The Death of Mr. Lazarescu is perfectly named, as we spend two-and-a-half hours watching the title character's health decline. He is shuttled from one hospital emergency room to another, and if we weren't aware that we are watching his death, we might find dark humor in the events. At least one trailer presents the film as if it were a comedy:
Yes, it's easy to make a short trailer that suggests it's a very funny movie, and yes, there are moments when you will laugh. It's not a particularly sad movie. But it is always about the drawn out death of a man, and the ways in which he is constantly ignored (and in which he becomes increasingly incoherent) are less funny as the movie progresses.
Many people have noted the similarities between this film and Frederick Wiseman's documentary work, in particular Hospital. Lazarescu certainly looks like a documentary, but it doesn't hide the reality of its fictional nature. This is a carefully constructed movie with excellent writing and acting ... it's a heightened reality that removes the random feel of cinéma vérité. Because Puiu takes his time with each scene, and because the film takes place in a modified version of real time, you might think it needs an editor. But while it's long, nothing needs to be cut. We need every minute to learn about Mr. Lazarescu, and he deserves our patient attention as we watch him die.
Puiu is sympathetic to his characters, even when we wish they would act differently. No one acts out of malice. But events conspire to make it hard to act decently. It is Mr. Lazarescu's misfortune to discover how sick he is the same night that there is a huge pileup on a local freeway. Wherever he goes, the hospital is already full.
There is a running joke about his drinking. Each person he encounters sniffs his breath and assumes his ailments are based on his alcohol consumption.
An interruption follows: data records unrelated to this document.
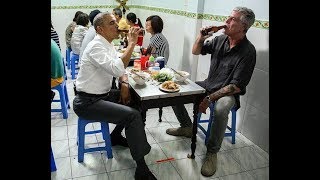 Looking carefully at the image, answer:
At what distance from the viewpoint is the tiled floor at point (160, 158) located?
2385 millimetres

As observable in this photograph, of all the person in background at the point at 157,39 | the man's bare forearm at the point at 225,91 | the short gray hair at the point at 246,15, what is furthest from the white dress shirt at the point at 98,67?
the short gray hair at the point at 246,15

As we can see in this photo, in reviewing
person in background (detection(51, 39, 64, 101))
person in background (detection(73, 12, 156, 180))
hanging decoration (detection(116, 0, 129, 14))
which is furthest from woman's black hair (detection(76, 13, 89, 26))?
person in background (detection(73, 12, 156, 180))

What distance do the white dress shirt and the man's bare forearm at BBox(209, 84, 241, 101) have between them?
947mm

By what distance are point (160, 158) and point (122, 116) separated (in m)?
0.69

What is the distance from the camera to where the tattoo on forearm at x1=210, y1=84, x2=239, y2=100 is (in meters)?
2.54

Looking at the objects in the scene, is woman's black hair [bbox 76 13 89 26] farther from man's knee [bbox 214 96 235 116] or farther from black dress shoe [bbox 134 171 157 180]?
black dress shoe [bbox 134 171 157 180]

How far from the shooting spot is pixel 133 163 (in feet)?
8.35

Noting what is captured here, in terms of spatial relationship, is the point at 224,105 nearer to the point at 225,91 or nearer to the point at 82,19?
the point at 225,91

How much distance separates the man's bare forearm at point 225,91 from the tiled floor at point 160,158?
63cm

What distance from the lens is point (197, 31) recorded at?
375 centimetres

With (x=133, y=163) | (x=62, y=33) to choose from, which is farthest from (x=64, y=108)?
(x=62, y=33)

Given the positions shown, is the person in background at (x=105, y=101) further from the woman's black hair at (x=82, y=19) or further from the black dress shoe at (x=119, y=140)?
the woman's black hair at (x=82, y=19)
True or not, at the point in which we enter his life, the drinking is irrelevant. He needs to have tests done, he needs to be operated on, immediately. But people are stuck on his drinking, stuck on trying to explain his situation rather than dealing it with. The various doctors and nurses do what they can for him, but the see him as a lost cause. Which he is, physically, but whatever makes a person a person is also failing, and people are too busy to notice.
There's a catch-22 situation when the doctors decide he needs brain surgery. They can't operate without his consent, and he has reached the stage of babbling. The nurse who takes him to the various hospitals tells the doctors Mr. Lazarescu is incompetent, but the doctors, fearing lawsuits, won't operate. The nurse is told to drive around until he becomes comatose, then come back to the hospital and they will drill into his head. Mr. Lazarescu is all of us when our lives butt up against bureaucracy. And the irony (and, yes, humor) is that he only gets attention when he is unable to speak.
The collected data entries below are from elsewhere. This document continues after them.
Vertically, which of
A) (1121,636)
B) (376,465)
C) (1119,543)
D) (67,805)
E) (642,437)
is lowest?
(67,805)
While the movie is specifically Romanian (it is generally considered as the beginning of the Romanian New Wave), we can all recognize the situations. As Puiu said, "This is not a Romanian tale, but a tale from Romania." I have only seen one other movie from that New Wave, but it is one of my very favorite films: 4 Months, 3 Weeks and 2 Days, which made my list of fifty favorite films a few years back. The Death of Mr. Lazarescu isn't quite that good, but based on these two films, the Romanian New Wave would appear to be rich for discovery. #452 on the They Shoot Pictures, Don't They list of the top 1000 films of all time, #20 on the TSPDT 21st century list.